To Cockatoo Lake. The excursion travelled along minor roads north of Naracoorte over low ranges separated by cleared flats with large Red Gums. The sandy and limestone ridges supported stringybark woodland with wattle and sheoak understorey. The view westward from the edge of the Naracoorte Range looked over a vast, flat plain with many green patches of irrigated lucerne grown for hay and seed. Several Wedge-tailed Eagles were seen while travelling and a pair of Red-tailed Black Cockatoos flew along side of the road on the east side of the range.
Cockatoo Lake is a popular swimming and yabbying spot when filled with water, but is now dry and covered with a dense crop of thistles.
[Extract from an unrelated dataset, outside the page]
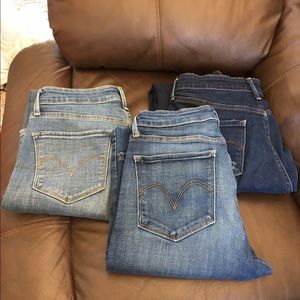 Levi's Medium wash jean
It is ringed by Red Gums and lignum bushes. A pair of Little Eagles soared over the lake along with a high flying White-faced Heron. Cockatoo Lake is aptly named as we observed Sulphur-crested Cockatoos, Long-billed Corellas and Galahs flying around. A pair of Musk Lorikeets were investigating a red gum hollow. From another hollow the grunts of a Brush-tailed Possum were heard.
The Gap. Leaving Cockatoo Lake we followed the Morambro Creek eastwards. The creek brings water to the lake from over the Victorian border. Morambro Creek has cut through the Naracoorte Range to form The Gap. The harder limestone on the northern side of The Gap was quarried for road making material. The cliff bordering the northern edge of the quarry provided a site for Fairy Martins to build their bottle-shaped mud nests and a white-washed ledge looked like it had been used as a nest site by Peregrine Falcon.
The dry creek. Red Gums. Giant Hop Bush, Horny Cone-bush and Muntries grew along the dry creek.
One plant of Magenta Storksbill in flower stood out at the edge of a dry waterhole. Midday heat kept the birds quiet but we noted New Holland Honeyeaters, Crimson Rosellas, Willy Wagtails, Eastern Yellow Robins, Spotted and Striated Pardalotes,
and Jacky Winters.
A patch of stringybark timber was the most diverse botanical area for the day. Silver Banksia and Common Correa were flowering. Flame Heath and Leafless Currant-bush were in bud. The area had not been burnt for many years and the Austral Grass-trees had a skirt up to 2 metres high. It would be an oasis in spring.
The last stop was the cutting into the limestone at the rear of Woolworths car park. Solution pipes up to 1 metre in diameter could be seen where percolating water had dissolved the rock.
Thanks to Elspeth for leading a carefully planned excursion through a variety of habitat and sites of interest.